Not a snake skull that is for sure. It is a mammal of some sorts, hard to tell without some of the teeth.


----------



## Miniv (Sep 25, 2010)

Definitely not a snake skull. Do you have a "nature center or museum" in your general area?


----------



## txminipinto (Sep 25, 2010)

From what I'm able to make out on my blackberry, I would assume that it is a skull of a small carnivous mammal. Some thing with an elongated muzzle since the skull seems to be broken. Teeth would help!

When I get back to work, I'll run down to the anatomy lab and see if I can find a skull that's similar (they have hundreds of species).


----------



## MBennettp (Sep 26, 2010)

I have no idea what kind of animal or reptile this skull belongs to but everyone including 3 vets that examined it said snake. I will run it by the lab at the college as soon as I get a chance and see what they think.


----------



## Margo_C-T (Sep 26, 2010)

Well, I don't think I've ever seen a snake skull per se, but the fact that it doesn't have the 'usual' fully-encircling eye sockets says to me that it indeed is one, and not a mammal skull. Hope you'll update us on what you find out when you take it by the college lab, Mary! Interesting find....!

Margo


----------



## bonloubri (Sep 26, 2010)

Here is a web site I found that might be of help.

http://en.wikipedia.org/wiki/Snake_skeleton

It doesn't look like a snake skull.


----------



## Matt73 (Sep 26, 2010)

Margo_C-T said:


> Well, I don't think I've ever seen a snake skull per se, but the fact that it doesn't have the 'usual' fully-encircling eye sockets says to me that it indeed is one, and not a mammal skull. Hope you'll update us on what you find out when you take it by the college lab, Mary! Interesting find....!
> 
> Margo
> 
> ...


----------



## Miniv (Sep 26, 2010)

Could it possibly be a lizard skull? Looking at the HALF eye sockets has me wondering.


----------



## Sterling (Sep 26, 2010)

Could it possibly be a bobcat? Their skulls are more round than say a canine...maybe a small bobcat in this case?


----------



## TangoMango (Sep 26, 2010)

I wonder, it looks a lot like a raccoon skull, that possibly the lower parts of the eye sockets eroded away with along with the lower jaw.


----------



## disneyhorse (Sep 26, 2010)

I'm going to agree with the majority and say it is NOT a reptile, most reptiles (snake, lizard, turtle) have very flat skulls.

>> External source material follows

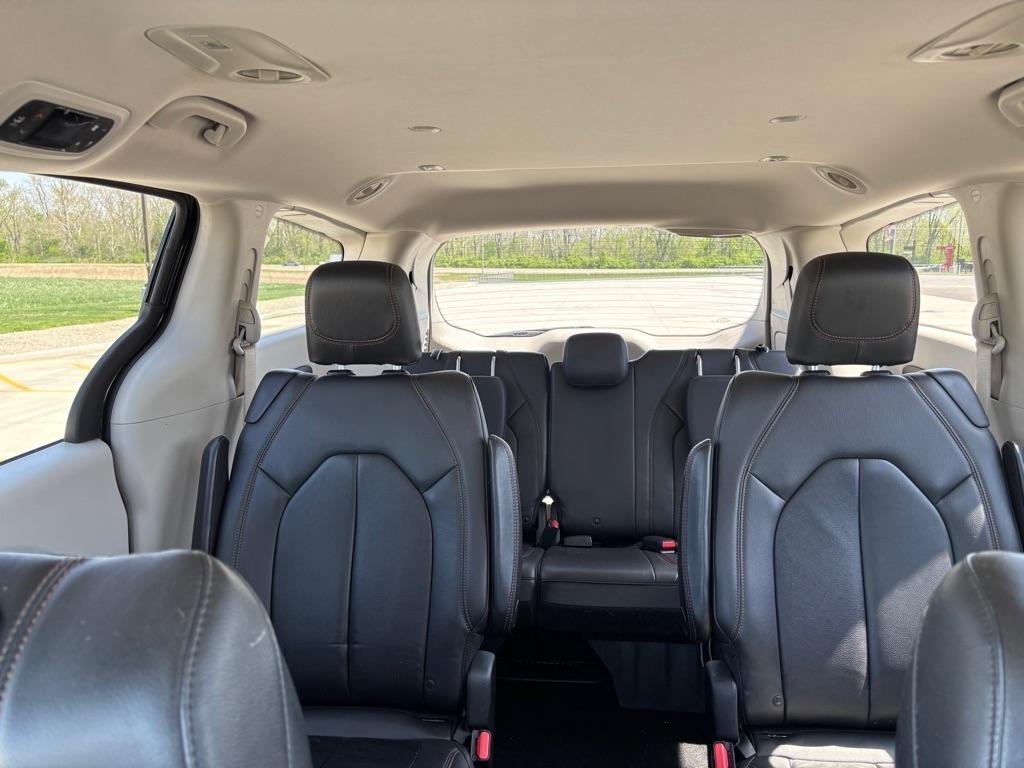 Chrysler Pacifica Touring-L FWD 2017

The lower part of the eye sockets are the zygomatic arches. The cat family is very well known for having open zygomatic arches, if I remember correctly from all of my wildlife anatomy drawing classes... Could it be a small cat?

Andrea


----------



## disneyhorse (Sep 26, 2010)

Oooohhh raccoon skull is a good guess. The only other one that it might also be is a rabbit skull, at least by looking at my art anatomy books...

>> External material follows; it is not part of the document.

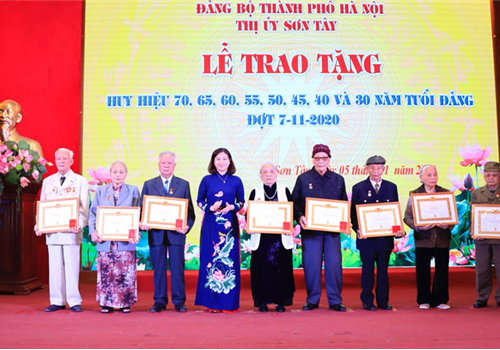 Sáng 05-11, đồng chí Nguyễn Thị Tuyến, Phó Bí thư Thường trực Thành ủy Hà Nội dự Lễ trao tặng Huy hiệu Đảng đợt 07-11-2020 cho các đảng viên thuộc Đảng bộ thị xã Sơn Tây.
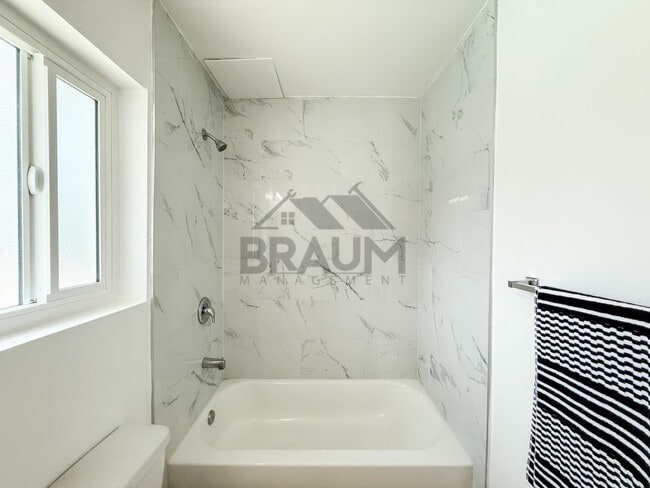 Photo - 6336 Tujunga Ave Unit 2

Still pretty darn sure it's not reptilian...

Andrea


----------



## Mona (Sep 26, 2010)

WOW, that raccoon skull that TangoMango posted photos of looks just like it, so I am guessing that would be it!


----------



## Charley (Sep 27, 2010)

maybe part of a squirrel skull


----------



## Matt73 (Sep 27, 2010)

I'm going with raccoon, too


----------



## Margo_C-T (Sep 27, 2010)

Yes, with the 'missing pieces' reinstated, I'd agree with raccoon skull. Interesting how precisely the missing parts 'eroded', with almost surgical precision!

Margo


----------